The Canton system again seduced me with its sound on Charles’ duet with Norah Jones, “Here We Go Again,” pulling me into the emotion of the song from the first note. The xylophone is clearly represented, though very subtle in some parts of the song, and seems to flow across the soundstage as the notes ascend in pitch. Jones’ vocals are smooth with slight warmth to them that I found very enjoyable. Once again, I switched to the multi-channel surround mix and found myself right there within the music with the consistent placement of vocals and instruments I had come to expect from the Cantons.

For a foray into DVD-Audio, I loaded up The Doors L.A. Woman (Elektra). Starting with the title track, I was impressed by how vocals seemed to effortlessly fly around the room, while the band stayed in place. The Canton system managed a full feel, with tight and accurate bass now accentuated by the subwoofer, which blended in seamlessly. The introduction to “Riders on the Storm” was so realistic that it sounded as if it was raining here in Florida while I was doing this listening session. The richness of the bass line was intoxicating and Jim Morrison’s voice virtually consumed me as it came from everywhere in such a balanced manner that it seemed to come from inside my head.

Neil Young’s Harvest on DVD-Audio can be a tough disc to reproduce well, due the generally rough original recording, but the music is timeless. The title track was consuming, with warmth and fullness I am not used to on this recording, but that was very welcome, and truly the best I have heard. “A Man Needs a Maid” was amazing on this system. I felt as though I was inside the piano, with Neil Young singing just in front of me. I saw Young in 1985 at an acoustic set at the Garden State Arts Center in New Jersey, and I have never since felt so attached to his music until I heard this system reproduce it. When the strings come in halfway through the song, the dynamics were stunning and the ability to transition to the quiet subtle ending of the song was equally impressive. “The Needle and the Damage Done” has always been one of my favorite songs, and the Canton Vento system managed to do it justice, smoothly reproducing Young’s voice with just the slightest sibilance and recreating his acoustic guitar in a way that was alluring. The surround effects gave me the feeling that I was in a small club and Neil Young was playing just for me.

I started watching movies with a Superbit version of “XXX” (Columbia/Tristar Home Entertainment). In the opening scene, the first thing that impressed me was the positioning of the start and finish of the shot of the wire, beginning in the left rear and crossing to dead front center for the hit into the door, then the recoil back to the left rear. The sound of the assailant sliding down the line was so perfectly placed that I listened to it several times in awe of how well the Cantons depicted the transitions and how smoothly the sounds shifted from one side to the other, front to back.

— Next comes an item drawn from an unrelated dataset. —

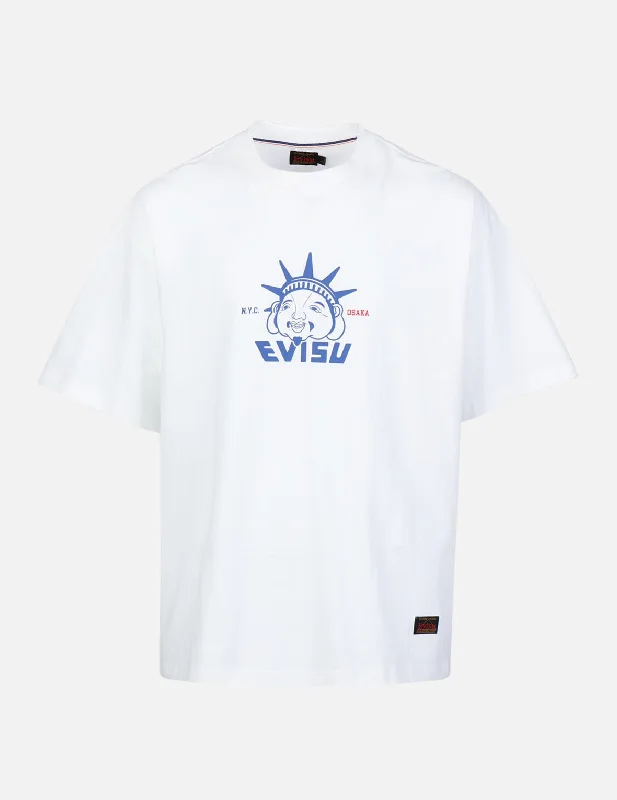 Men's eco - friendly recycled t - shirts for sustainable fashion choicesNYC Photo and Godhead Print T-Shirt Men's eco - friendly recycled t - shirts for sustainable fashion choicesNYC Photo and Godhead Print T-Shirt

Yorgi blowing out his absinthe is not only a great ending to this opening scene, but was so true to life I could almost feel his breath on my neck. Later at Yorgi’s party, the placement of surround sound effects was dead-on perfect, the dynamics of the music sensational and, with the sub, the sounds of the helicopter flying in were inspiring.

I chose the classic “Beetlejuice” (Warner Home Video) to test the Cantons some more. The general surround effects were great from the start, and as the movie progressed, they got more dramatic and exciting. Voices were always clear and easily discernable with this system, which could reproduce the large dynamics needed to make you jump the first time the sandworms appear. The final scene with the entire crowd dancing in the air had the instruments well placed and filling the room with such liveliness that you might find yourself dancing along with them.

The Downside
The more I listened to these speakers, the more I grew to love them, but they aren’t perfect for everyone. Their slightly laid-back and warm presentation of music might not be forward enough for hard rock or punk lovers, so if you want to bang your head to AC/DC at high volumes, you might have to look elsewhere.

The 809 DC’s bass response seems to drop off on the lower bass registers, causing me to use the sub in many of my listening sessions. In today’s system, I assume most people will opt for a sub to get the most from the low ends of their soundtracks.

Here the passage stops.